Resistance to the Nazis by Jews and non-Jews came in the form of armed violence, attempts at rescue, or simply the act of survival.

This book enables readers to learn about upstanders, partisans, and survivors from first-hand perspectives that reveal the many forms of resistance—some bold and defiant, some subtle—to the Nazis during the Holocaust.

What did those who resisted the Nazis during the 1930s through 1945—known now as “the Righteous”—do when confronted with the Holocaust? How did those who resorted to physical acts of resistance to fight the Nazis in the ghettos, the concentration camps, and the forests summon the courage to form underground groups and organize their efforts?

This book presents a comprehensive examination of more than 150 remarkable people who said “no” to the Nazis when confronted by the Holocaust of the Jews. They range from people who undertook armed resistance to individuals who risked—and sometimes lost—their lives in trying to rescue Jews or spirit them away to safety. In many cases, the very act of survival in the face of extreme circumstances was a form of resistance. This important book explores the many facets of resistance to the Holocaust that took place less than 100 years ago, providing valuable insights to any reader seeking evidence of how individuals can remain committed to the maintenance of humanitarian traditions in the darkest of times.


  • Provides readers with insights into how and when resistance activities took place during the Holocaust—historical information that is both deeply saddening and inspirational
  • Documents the myriad ways in which upstanders sought to minimize the worst effects of Nazi anti-Jewish measures
  • Explains how those who came to be recognized as the Righteous among the Nations engaged in their life-saving work
  • Supplies document introductions and scholarly analysis that help readers to better understand the primary source material as well as a comprehensive bibliography that serves as a gateway to further research
Paul Bartrop, PhD, is an award-winning scholar of the Holocaust and genocide. He is professor of history and director of the Center for Judaic, Holocaust, and Genocide Studies at Florida Gulf Coast University, Fort Myers, FL. In 2011–2012, Bartrop was the Ida E. King Distinguished Visiting Professor of Holocaust and Genocide Studies at Richard Stockton College. Between 1997 and 2011, he taught in—and was head of—the Department of History at Bialik College in Melbourne, Australia. Concurrently, he was for many years an Honorary Fellow in the Faculty of Arts and Education at Deakin University, Melbourne. He has previously been a scholar-in-residence at the Martin-Springer Institute for Teaching the Holocaust, Tolerance and Humanitarian Values at Northern Arizona University and a visiting professor at Virginia Commonwealth University. In Australia, he also taught at the University of South Australia and Monash University.

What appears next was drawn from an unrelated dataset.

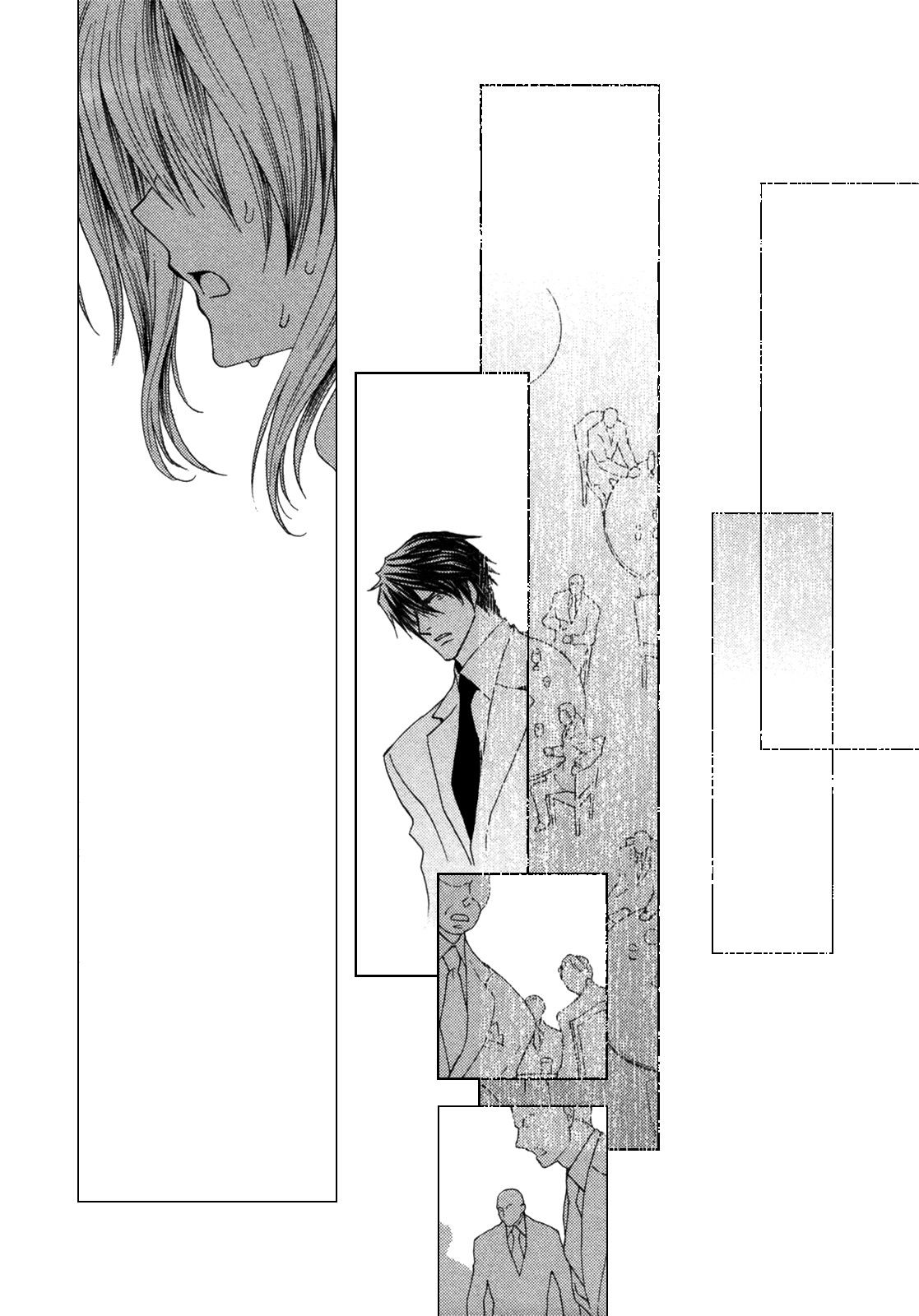 Манга Денег нет! - Глава 1 Страница 24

"[T]he coverage leans toward leaders and public figures. . . . Just as revealing and inspiring, however, are lesser-known leaders of armed camp revolts, and an array of rescuers, forgers, diarists, labor leaders, priests, pacifists, policemen, and others. . . . Wikipedia lacks entries for many of these figures, or says less."—ARBA, September 8, 2016

"Larger public and academic libraries should consider this useful resource, which will acquaint users with a lesser known aspect of the Holocaust and introduce them to some remarkable people who deserve recognition."—Booklist, September 6, 2016
By clicking “Accept All Cookies”, you agree to the storing of cookies on your device to enhance site navigation, analyze site usage, and assist in our marketing efforts.
Accept All Cookies | Decline.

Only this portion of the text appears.